## [Data section]
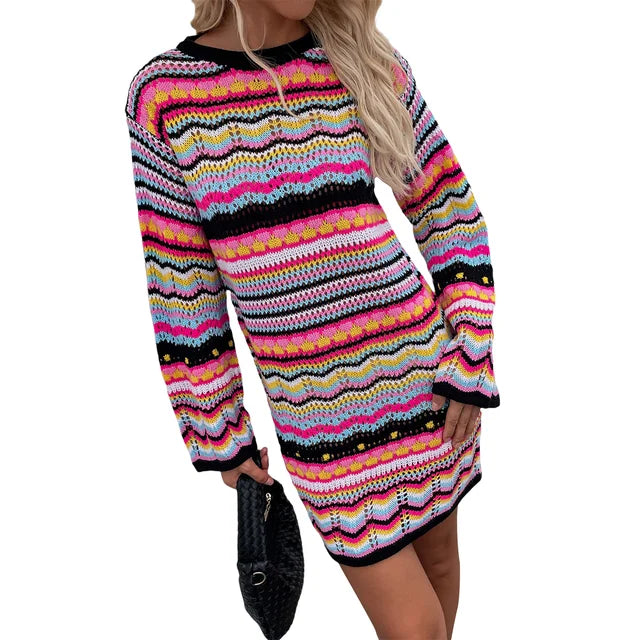 Valenzora | Designer Bohemian striped knit and crochet sweater dress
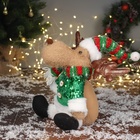 Игрушка мягкая «Олень в полосатом колпаке» сидит, 44×19 см - Фото 4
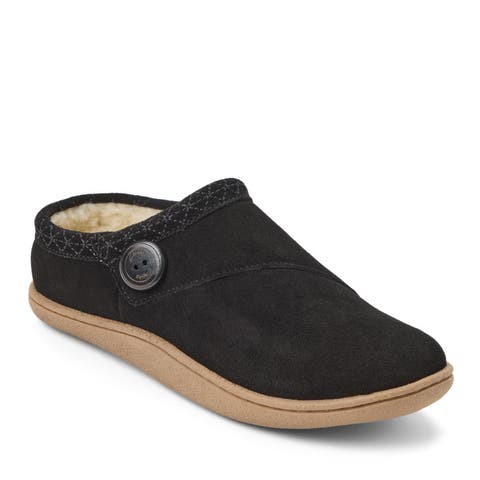 Suede Clog With Embroid & Wood Button Slippers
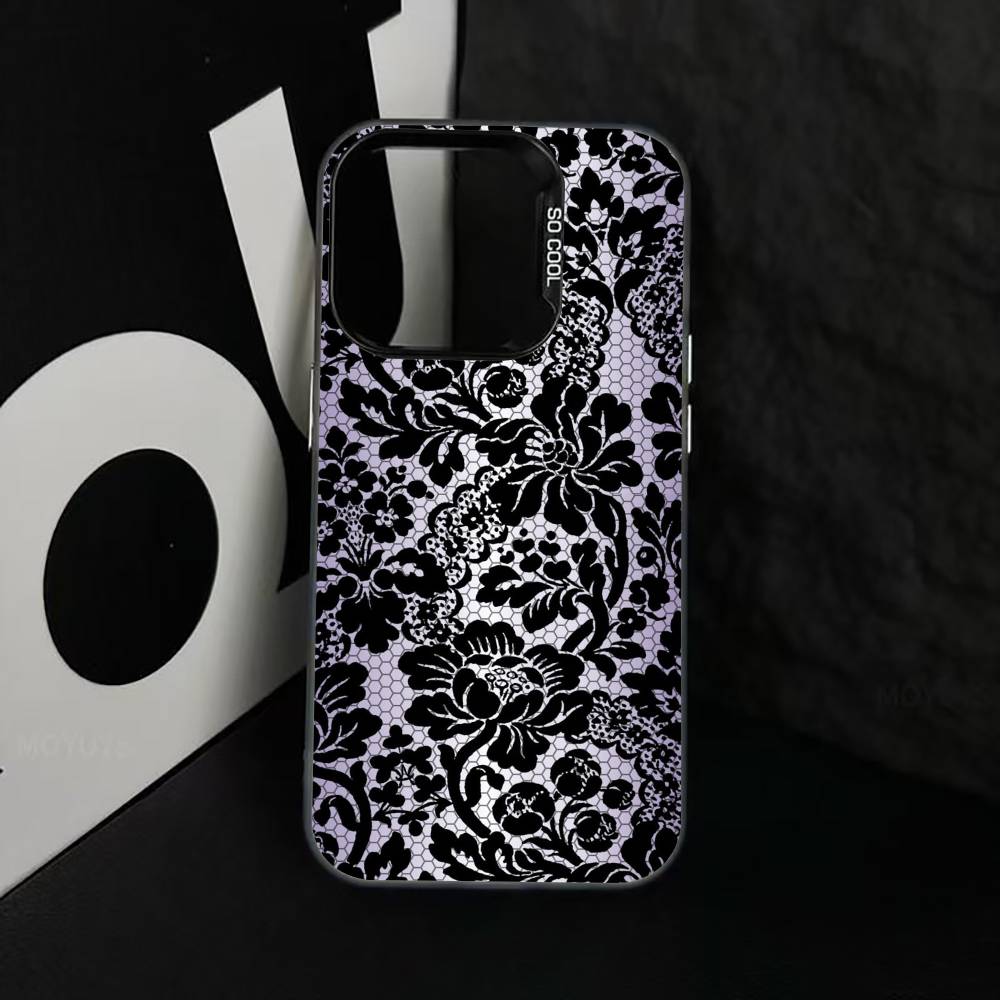 B-Black lace print Phone Case For iPhone 17,16,15,14,13,12,11 Plus,Pro Max,XS,Colorful Silver Black Cover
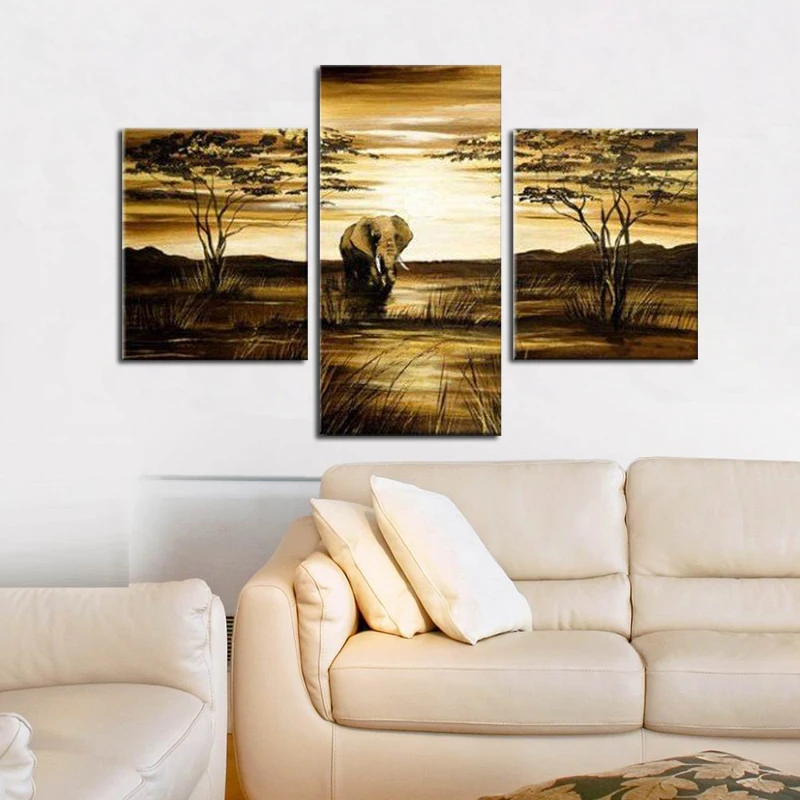 Новая современная ручная роспись маслом на холсте Африканский ландшафт Саванна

## [Task instructions]
Exactly reproduce the entries above, minus the pictures.

## [Reply]
 Valenzora | Designer Bohemian striped knit and crochet sweater dress
 Игрушка мягкая «Олень в полосатом колпаке» сидит, 44×19 см - Фото 4
 Suede Clog With Embroid & Wood Button Slippers
 B-Black lace print Phone Case For iPhone 17,16,15,14,13,12,11 Plus,Pro Max,XS,Colorful Silver Black Cover
 Новая современная ручная роспись маслом на холсте Африканский ландшафт Саванна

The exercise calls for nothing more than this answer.